HOW TO COMPLETE THIS TASK =
Could you transcribe every record below exactly as written, excluding the pictures?

Stored data entries
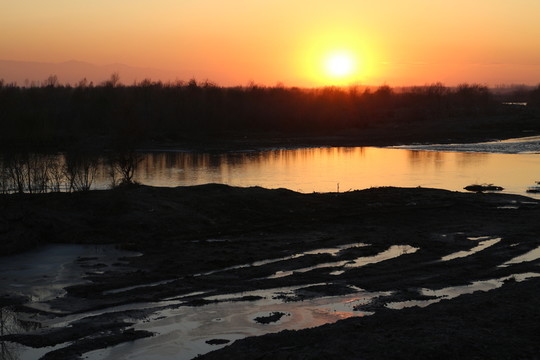 河水 夕陽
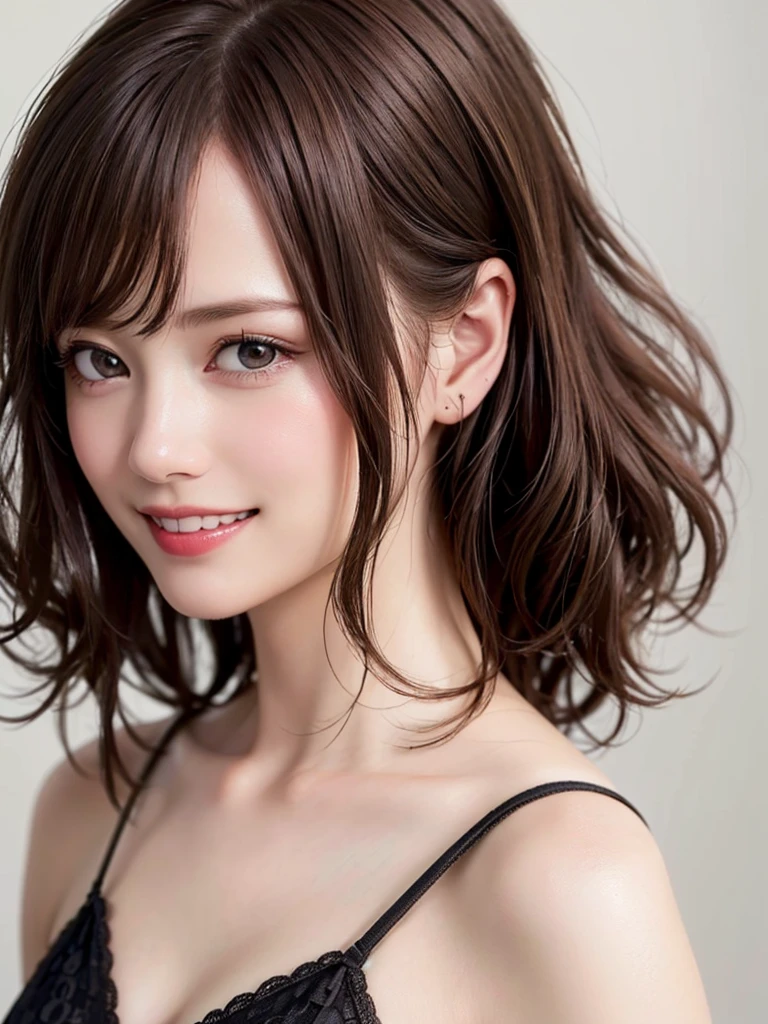 (Highest quality、8K、32k、masterpiece)、(Realistic)、(Realistic:1.2)、(High resolution)、Very detailed、Very beautiful face and eyes、1 Girl、Round and small face、Tight waist、Delicate body、(close、Highest quality、Attention to detail、Rich skin detail)、(Highest quality、8K、Oil paint:1.2)、Very detailed、(Realistic、Realistic:1.37)、Bright colors、(((Brown Hair)))、(((Bust Shot)))、(((Long Hair)))、(((White wall background)))、(((White wall background)))、(((smile)))、(((Dressed as a prostitute)))、(((Look straight ahead)))、(((Brown Hair)))、(((seems to be happy)))、(((Teeth are visible)))、(((Wearing prostitute clothes)))、
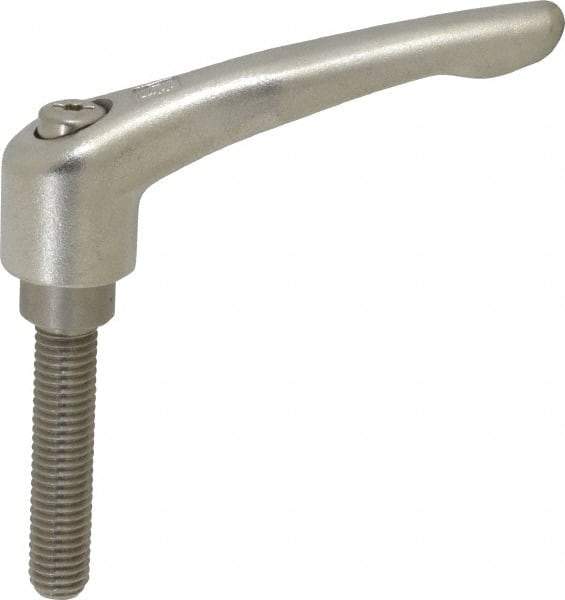 KIPP - 1/2-13, 3/4" Hub Diam, Stainless Steel Threaded Stud Adjustable Clamping Handle - 60mm Stud Length, 109mm OAL, 63mm High - Eagle Tool & Supply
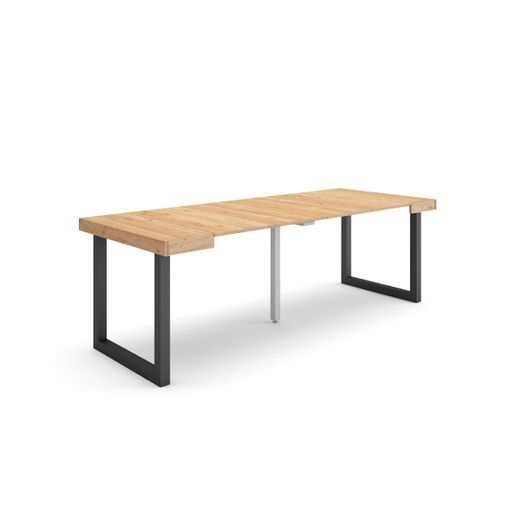 Mesa Consola extensible, Roble, Patas madera maciza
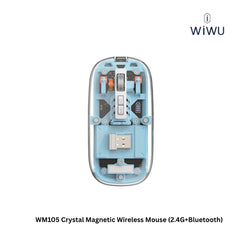 WIWU - WM105 Crystal Magnetic Wireless Mouse (2.4G + Bluetooth ) - Blue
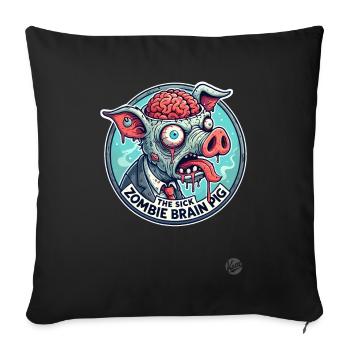 Das kranke Gehirn Zombie-Schwein - Sofakissenbezug 45 x 45 cm - Schwarz - Vorne
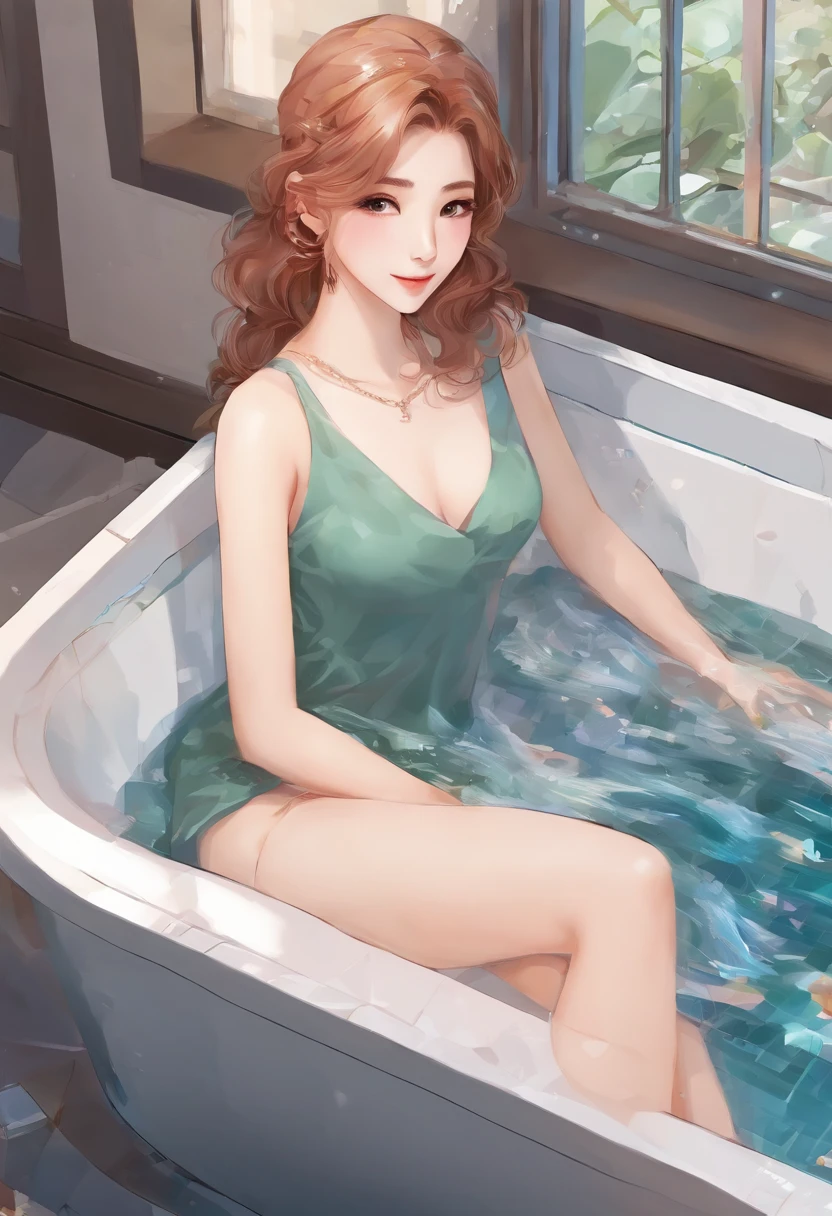 Smiling girl in cypress tub,  Boldly open your legs、Lying face down in the bathtub　buttocks visible　Wistful eyes　Glossy colored hair, 20 years old young, Asian Woman,  (Realistic:1.3), (Photorealistic:1.3), Ultra-detailed, (highdetailskin:1.2), 8K UHD, Digital SLR, Soft lighting, High quality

RESULT OF THE TASK =
 河水 夕陽
 (Highest quality、8K、32k、masterpiece)、(Realistic)、(Realistic:1.2)、(High resolution)、Very detailed、Very beautiful face and eyes、1 Girl、Round and small face、Tight waist、Delicate body、(close、Highest quality、Attention to detail、Rich skin detail)、(Highest quality、8K、Oil paint:1.2)、Very detailed、(Realistic、Realistic:1.37)、Bright colors、(((Brown Hair)))、(((Bust Shot)))、(((Long Hair)))、(((White wall background)))、(((White wall background)))、(((smile)))、(((Dressed as a prostitute)))、(((Look straight ahead)))、(((Brown Hair)))、(((seems to be happy)))、(((Teeth are visible)))、(((Wearing prostitute clothes)))、
 KIPP - 1/2-13, 3/4" Hub Diam, Stainless Steel Threaded Stud Adjustable Clamping Handle - 60mm Stud Length, 109mm OAL, 63mm High - Eagle Tool & Supply
 Mesa Consola extensible, Roble, Patas madera maciza
 WIWU - WM105 Crystal Magnetic Wireless Mouse (2.4G + Bluetooth ) - Blue
 Das kranke Gehirn Zombie-Schwein - Sofakissenbezug 45 x 45 cm - Schwarz - Vorne
 Smiling girl in cypress tub,  Boldly open your legs、Lying face down in the bathtub　buttocks visible　Wistful eyes　Glossy colored hair, 20 years old young, Asian Woman,  (Realistic:1.3), (Photorealistic:1.3), Ultra-detailed, (highdetailskin:1.2), 8K UHD, Digital SLR, Soft lighting, High quality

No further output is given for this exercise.